*Source records*:
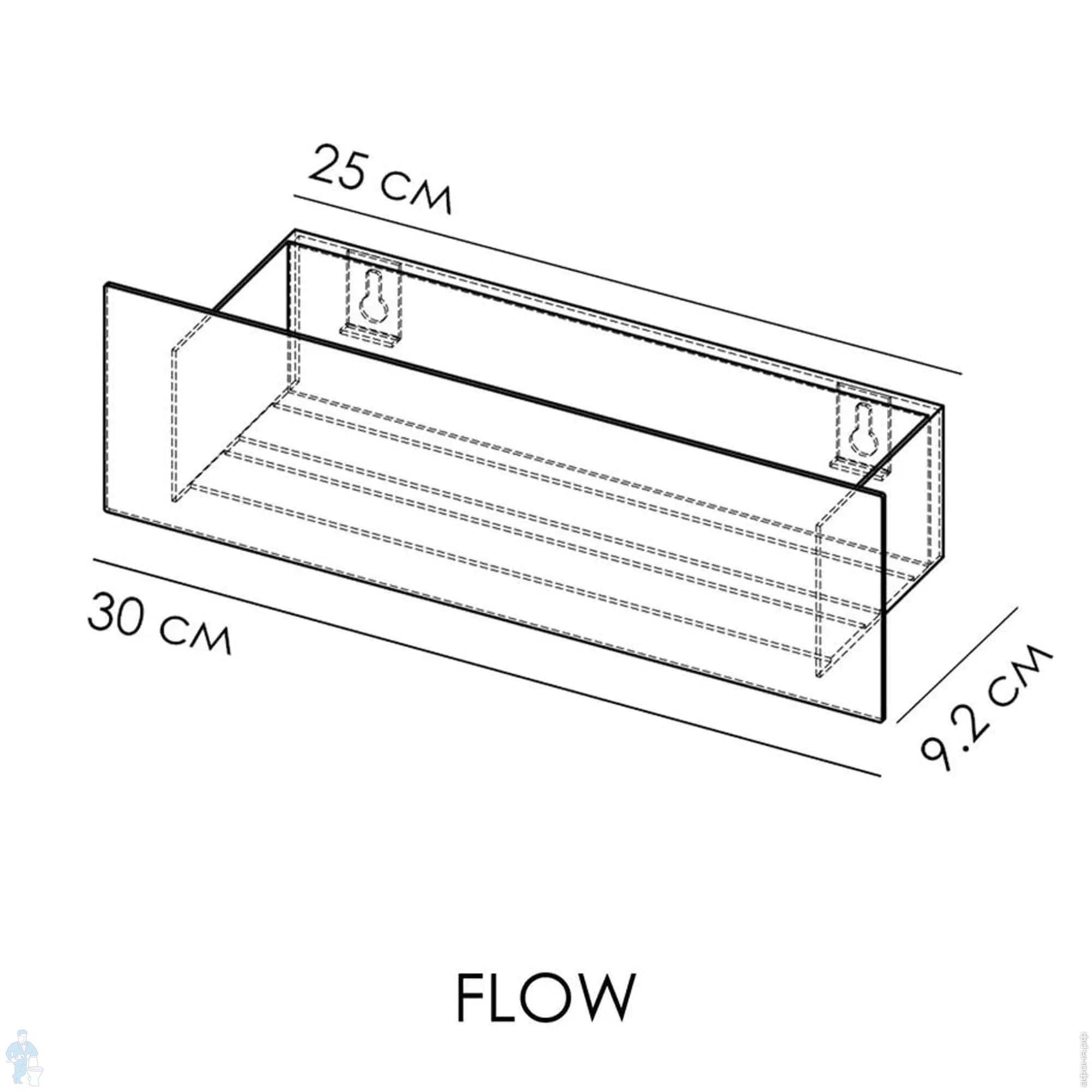 Полка FLOW Skyline Mono 300х92х90 настенная, 1 отсек, белый Fl-sky-m30-б |  Афоня.рф, цена 6 900 руб.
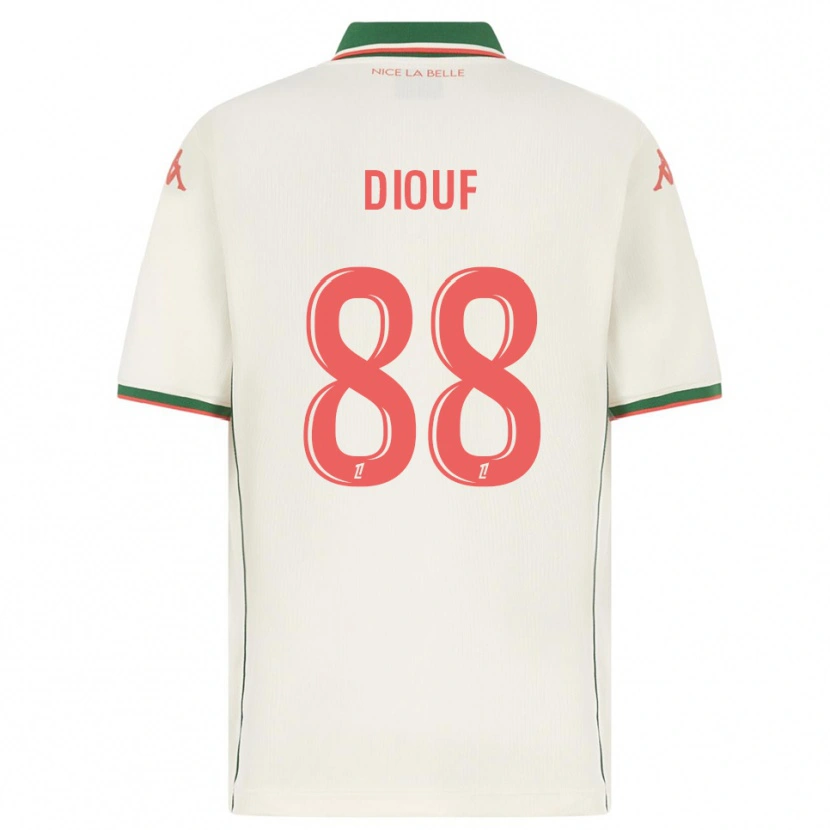 Danxen Donna Maglia Yehvann Diouf #88 Bianco Verde Kit Gara Away 2025/26 Maglietta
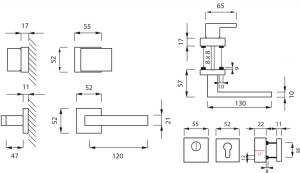 Varnostna armatura MP CUBO/SQUARE HR 3230/2275 (NP)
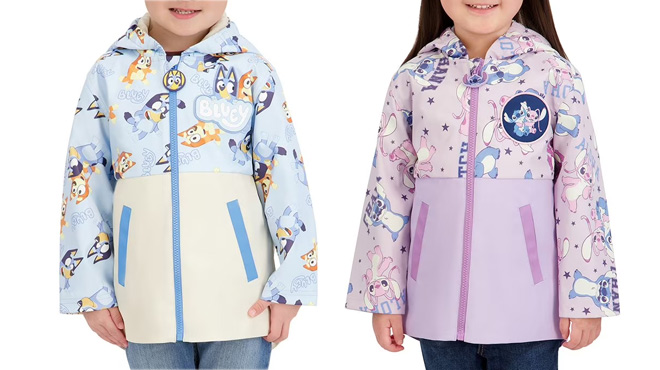 Kids Character Rain Jackets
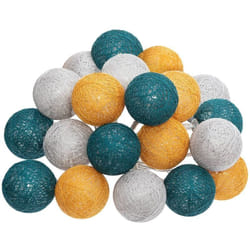 Atmosphera - Guirlande Led secteur 20 boules tropical D6cm créateur d'intérieur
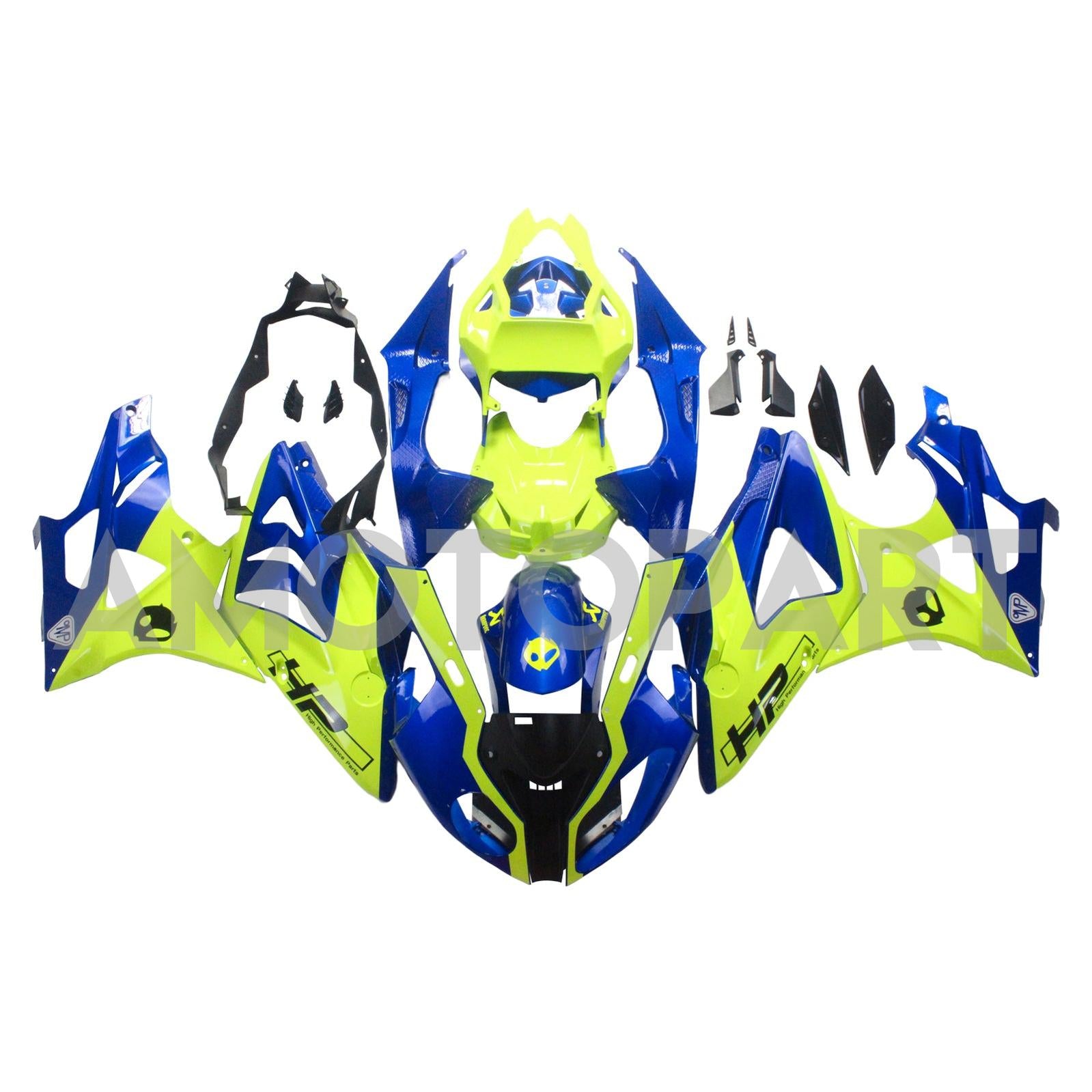 Amotopart 2009-2014 BMW S1000RR FAIRIGH KIT Sbírka jedna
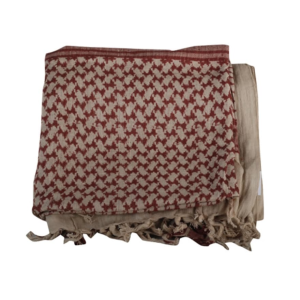 Voodoo Tactical Woven Coalition Desert Scarf Cotton Tan and Brown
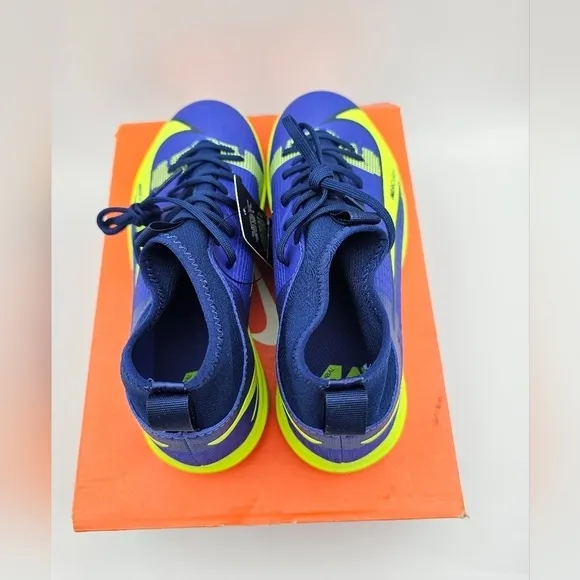 Nike Mercurial Superfly 8 Academy IC GS 'Lapis Volt' Soccer Shoes Size 4Y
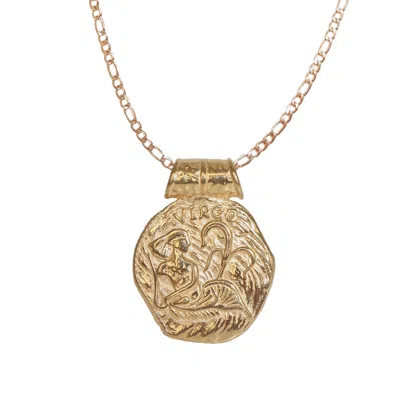 Molly Olivia Women's Gold Virgo Star Sign Necklace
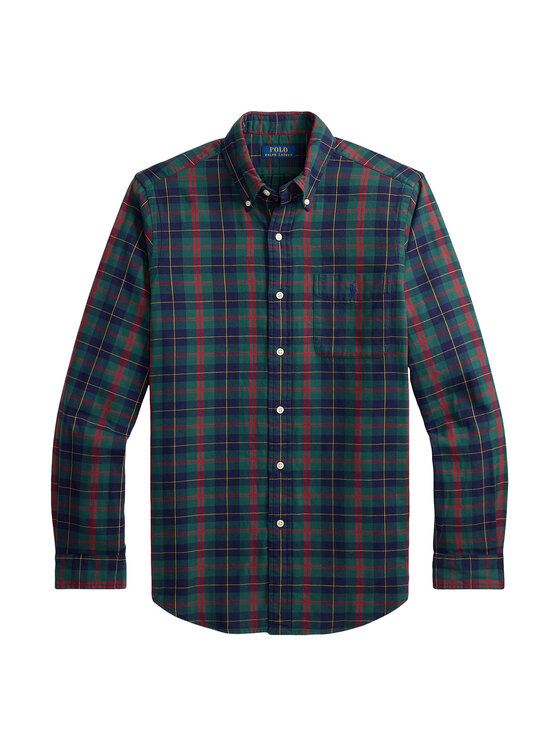 Polo Ralph Lauren Polo Ralph Lauren Košulja 710B30160001 Tamno zelena Custom Fit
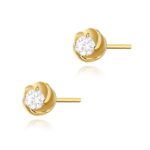 Cercei Aur 14K cu Diamante Naturale 0.16 ct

*What you should do*: Please write out the lines above exactly, from the one that contains "Nike Mercurial Superfly" through the final line, and include none of the pictures.

*Written solution*:
 Nike Mercurial Superfly 8 Academy IC GS 'Lapis Volt' Soccer Shoes Size 4Y
 Molly Olivia Women's Gold Virgo Star Sign Necklace
 Polo Ralph Lauren Polo Ralph Lauren Košulja 710B30160001 Tamno zelena Custom Fit
 Cercei Aur 14K cu Diamante Naturale 0.16 ct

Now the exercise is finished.